Zéro de conduite et les courts métrages, de Jean Vigo
France, 1930- 1933, 1h39 – avec Louis de Gonzague, Raphaël Diligent, Jean Dasté…
Un film comme un incendie : un brûlot libertaire, d’ailleurs interdit par la censure jusqu’en 1945 pour son caractère « anti-français » ! Le cinéaste ne le verra pas en salle : il meurt de maladie et d’épuisement (après le tournage de son chef-d’oeuvre, L’Atalante, 1934) … à 29 ans.
Zéro de conduite (1930, 49’), inspiré de ses souvenirs d’enfance, conte la révolte menée par un groupe d’élèves d’un collège de province contre une institution qui les brime, réprime sans cesse leur vitalité et leur créativité. Deux scènes inoubliables cristallisent cette révolte : une bataille de polochons endiablée et le réjouissant sabotage de la fête de l’école avec, enfin, la libération.
Ce film sera précédé par deux courts-métrages : A propos de Nice (1930, 0h24) : un « point de vue documenté » sur une ville dont il montre le décor et l’envers.
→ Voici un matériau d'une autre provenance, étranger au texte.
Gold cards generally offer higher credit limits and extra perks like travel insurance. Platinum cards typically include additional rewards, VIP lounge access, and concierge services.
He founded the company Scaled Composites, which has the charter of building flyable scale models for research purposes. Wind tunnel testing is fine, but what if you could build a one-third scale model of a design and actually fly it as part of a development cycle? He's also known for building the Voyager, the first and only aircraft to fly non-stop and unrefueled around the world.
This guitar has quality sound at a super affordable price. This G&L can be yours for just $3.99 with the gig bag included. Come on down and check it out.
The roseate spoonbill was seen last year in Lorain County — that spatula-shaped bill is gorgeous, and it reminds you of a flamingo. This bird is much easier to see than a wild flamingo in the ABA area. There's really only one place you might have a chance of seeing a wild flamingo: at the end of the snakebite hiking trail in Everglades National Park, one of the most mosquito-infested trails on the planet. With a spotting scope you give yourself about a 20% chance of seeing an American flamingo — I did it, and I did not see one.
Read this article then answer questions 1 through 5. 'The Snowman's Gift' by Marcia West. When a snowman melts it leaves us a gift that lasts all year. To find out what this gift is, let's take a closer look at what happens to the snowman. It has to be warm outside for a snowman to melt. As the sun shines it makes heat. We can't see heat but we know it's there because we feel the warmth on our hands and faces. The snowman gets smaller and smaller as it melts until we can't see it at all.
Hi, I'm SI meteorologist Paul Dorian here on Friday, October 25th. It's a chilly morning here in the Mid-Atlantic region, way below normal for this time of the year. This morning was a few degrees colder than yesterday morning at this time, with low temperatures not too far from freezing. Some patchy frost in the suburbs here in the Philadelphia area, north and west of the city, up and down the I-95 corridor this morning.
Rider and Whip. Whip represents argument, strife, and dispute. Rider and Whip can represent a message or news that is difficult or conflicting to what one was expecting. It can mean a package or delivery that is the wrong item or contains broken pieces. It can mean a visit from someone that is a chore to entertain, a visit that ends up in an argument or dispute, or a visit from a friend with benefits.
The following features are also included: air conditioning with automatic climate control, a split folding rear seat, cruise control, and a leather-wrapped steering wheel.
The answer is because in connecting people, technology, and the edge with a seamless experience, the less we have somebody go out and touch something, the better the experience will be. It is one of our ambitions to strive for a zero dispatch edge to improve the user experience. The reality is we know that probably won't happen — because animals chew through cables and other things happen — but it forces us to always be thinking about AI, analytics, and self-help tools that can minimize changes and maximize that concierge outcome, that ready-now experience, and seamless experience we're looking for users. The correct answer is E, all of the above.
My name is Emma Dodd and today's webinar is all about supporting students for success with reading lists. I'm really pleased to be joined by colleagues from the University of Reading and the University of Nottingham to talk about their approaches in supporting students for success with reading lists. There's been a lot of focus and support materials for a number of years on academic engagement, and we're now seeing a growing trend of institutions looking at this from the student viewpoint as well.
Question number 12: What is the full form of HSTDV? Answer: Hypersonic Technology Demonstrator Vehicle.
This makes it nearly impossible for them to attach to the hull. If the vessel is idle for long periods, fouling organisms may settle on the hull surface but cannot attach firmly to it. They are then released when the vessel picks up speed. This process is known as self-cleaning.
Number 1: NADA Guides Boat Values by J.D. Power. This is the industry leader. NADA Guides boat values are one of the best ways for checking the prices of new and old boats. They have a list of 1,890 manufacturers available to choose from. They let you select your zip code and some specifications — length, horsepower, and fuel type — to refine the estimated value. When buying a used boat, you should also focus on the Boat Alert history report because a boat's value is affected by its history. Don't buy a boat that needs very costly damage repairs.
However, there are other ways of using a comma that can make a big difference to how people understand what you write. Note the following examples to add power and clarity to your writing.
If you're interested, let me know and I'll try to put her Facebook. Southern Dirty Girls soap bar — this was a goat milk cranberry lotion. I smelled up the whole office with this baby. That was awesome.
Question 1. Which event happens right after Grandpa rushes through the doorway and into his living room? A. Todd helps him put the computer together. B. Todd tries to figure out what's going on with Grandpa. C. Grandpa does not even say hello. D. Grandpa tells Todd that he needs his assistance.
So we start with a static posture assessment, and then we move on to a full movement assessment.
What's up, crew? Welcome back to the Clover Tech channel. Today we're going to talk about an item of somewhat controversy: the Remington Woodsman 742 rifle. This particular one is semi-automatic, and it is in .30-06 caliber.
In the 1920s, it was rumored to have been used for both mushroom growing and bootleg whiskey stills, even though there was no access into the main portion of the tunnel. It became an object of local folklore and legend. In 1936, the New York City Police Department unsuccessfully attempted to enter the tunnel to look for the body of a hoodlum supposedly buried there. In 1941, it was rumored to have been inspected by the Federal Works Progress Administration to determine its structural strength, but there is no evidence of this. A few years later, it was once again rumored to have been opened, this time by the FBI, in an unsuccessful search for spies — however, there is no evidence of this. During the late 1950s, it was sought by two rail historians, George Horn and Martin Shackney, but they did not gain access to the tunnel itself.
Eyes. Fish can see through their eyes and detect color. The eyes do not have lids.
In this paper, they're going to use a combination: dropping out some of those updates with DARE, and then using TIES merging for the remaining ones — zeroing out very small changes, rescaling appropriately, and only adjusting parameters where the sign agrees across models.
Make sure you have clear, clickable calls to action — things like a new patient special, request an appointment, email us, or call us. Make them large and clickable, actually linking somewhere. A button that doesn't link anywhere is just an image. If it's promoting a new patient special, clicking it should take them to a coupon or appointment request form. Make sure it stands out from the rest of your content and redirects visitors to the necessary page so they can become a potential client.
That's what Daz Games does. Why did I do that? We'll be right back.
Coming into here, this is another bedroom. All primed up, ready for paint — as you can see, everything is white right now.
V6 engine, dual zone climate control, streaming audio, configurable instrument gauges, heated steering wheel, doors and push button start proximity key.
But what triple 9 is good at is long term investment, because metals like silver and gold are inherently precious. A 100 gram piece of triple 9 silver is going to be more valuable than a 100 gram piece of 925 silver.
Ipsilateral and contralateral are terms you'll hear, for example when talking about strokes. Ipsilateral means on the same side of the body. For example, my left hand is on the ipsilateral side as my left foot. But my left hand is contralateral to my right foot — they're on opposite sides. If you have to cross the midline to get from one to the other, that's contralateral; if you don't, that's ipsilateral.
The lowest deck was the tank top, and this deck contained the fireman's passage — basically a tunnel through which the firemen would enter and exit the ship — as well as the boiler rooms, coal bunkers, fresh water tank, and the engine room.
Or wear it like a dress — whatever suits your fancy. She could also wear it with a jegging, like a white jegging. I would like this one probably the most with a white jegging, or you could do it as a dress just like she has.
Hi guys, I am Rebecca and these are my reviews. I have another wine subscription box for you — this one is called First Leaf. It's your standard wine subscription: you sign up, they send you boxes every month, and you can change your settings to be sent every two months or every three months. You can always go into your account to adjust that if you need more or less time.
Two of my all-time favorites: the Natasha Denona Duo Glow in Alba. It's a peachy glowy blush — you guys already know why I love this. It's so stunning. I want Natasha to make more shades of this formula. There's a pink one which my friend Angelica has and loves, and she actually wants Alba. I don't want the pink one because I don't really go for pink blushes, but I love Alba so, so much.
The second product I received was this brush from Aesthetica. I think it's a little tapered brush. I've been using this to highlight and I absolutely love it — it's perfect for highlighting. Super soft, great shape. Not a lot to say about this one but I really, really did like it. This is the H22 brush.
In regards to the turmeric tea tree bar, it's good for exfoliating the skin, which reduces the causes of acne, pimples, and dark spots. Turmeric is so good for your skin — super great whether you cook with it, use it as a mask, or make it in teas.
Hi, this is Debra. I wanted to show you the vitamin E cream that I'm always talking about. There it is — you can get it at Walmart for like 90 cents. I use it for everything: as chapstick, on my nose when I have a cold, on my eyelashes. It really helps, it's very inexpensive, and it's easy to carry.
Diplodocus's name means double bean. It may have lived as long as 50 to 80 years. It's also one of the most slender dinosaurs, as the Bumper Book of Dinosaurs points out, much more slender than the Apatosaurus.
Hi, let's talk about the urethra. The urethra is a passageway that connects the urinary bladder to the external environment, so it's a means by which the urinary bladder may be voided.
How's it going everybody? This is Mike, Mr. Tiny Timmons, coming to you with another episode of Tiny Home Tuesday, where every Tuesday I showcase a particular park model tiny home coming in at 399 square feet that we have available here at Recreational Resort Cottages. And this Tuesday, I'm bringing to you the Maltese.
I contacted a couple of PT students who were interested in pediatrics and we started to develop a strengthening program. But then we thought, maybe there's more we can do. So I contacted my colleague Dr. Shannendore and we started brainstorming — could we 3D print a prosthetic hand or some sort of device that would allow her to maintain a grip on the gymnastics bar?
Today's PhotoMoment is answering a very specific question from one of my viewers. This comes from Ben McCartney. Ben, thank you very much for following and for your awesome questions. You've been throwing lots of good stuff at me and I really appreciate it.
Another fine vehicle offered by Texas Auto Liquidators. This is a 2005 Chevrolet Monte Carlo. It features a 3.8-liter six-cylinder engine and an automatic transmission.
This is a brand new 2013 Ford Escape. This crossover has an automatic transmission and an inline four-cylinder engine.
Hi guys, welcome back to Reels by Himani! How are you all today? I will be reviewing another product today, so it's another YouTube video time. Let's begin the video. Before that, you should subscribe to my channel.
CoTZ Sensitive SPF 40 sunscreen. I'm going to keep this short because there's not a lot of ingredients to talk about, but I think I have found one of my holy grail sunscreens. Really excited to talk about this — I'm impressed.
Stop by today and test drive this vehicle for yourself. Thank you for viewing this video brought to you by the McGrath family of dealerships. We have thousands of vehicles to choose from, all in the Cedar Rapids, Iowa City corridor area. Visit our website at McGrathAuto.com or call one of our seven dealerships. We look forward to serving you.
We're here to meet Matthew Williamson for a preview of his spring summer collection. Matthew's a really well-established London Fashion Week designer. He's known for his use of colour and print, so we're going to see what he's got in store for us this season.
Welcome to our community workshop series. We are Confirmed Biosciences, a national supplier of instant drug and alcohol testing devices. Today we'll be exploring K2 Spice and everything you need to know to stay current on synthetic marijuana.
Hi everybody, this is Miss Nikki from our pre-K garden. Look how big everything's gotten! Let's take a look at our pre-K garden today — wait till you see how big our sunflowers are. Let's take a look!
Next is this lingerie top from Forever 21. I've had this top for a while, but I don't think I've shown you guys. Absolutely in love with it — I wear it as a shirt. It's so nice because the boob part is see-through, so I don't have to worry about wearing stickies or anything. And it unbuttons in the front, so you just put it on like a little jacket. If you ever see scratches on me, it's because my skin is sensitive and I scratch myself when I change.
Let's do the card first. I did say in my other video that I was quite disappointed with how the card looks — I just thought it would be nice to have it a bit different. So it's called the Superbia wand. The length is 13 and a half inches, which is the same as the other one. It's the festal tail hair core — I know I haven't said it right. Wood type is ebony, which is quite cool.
Une promenade engagée et satirique dont le style s’inspire des avant-gardes de son temps. La Natation : Jean Taris (1931, 11’) : un film de commande renié par son auteur ; un portrait gentiment ironique de Jean Taris, multiple champion de France de natation d’alors, doublé d’une étude novatrice sur le geste sportif.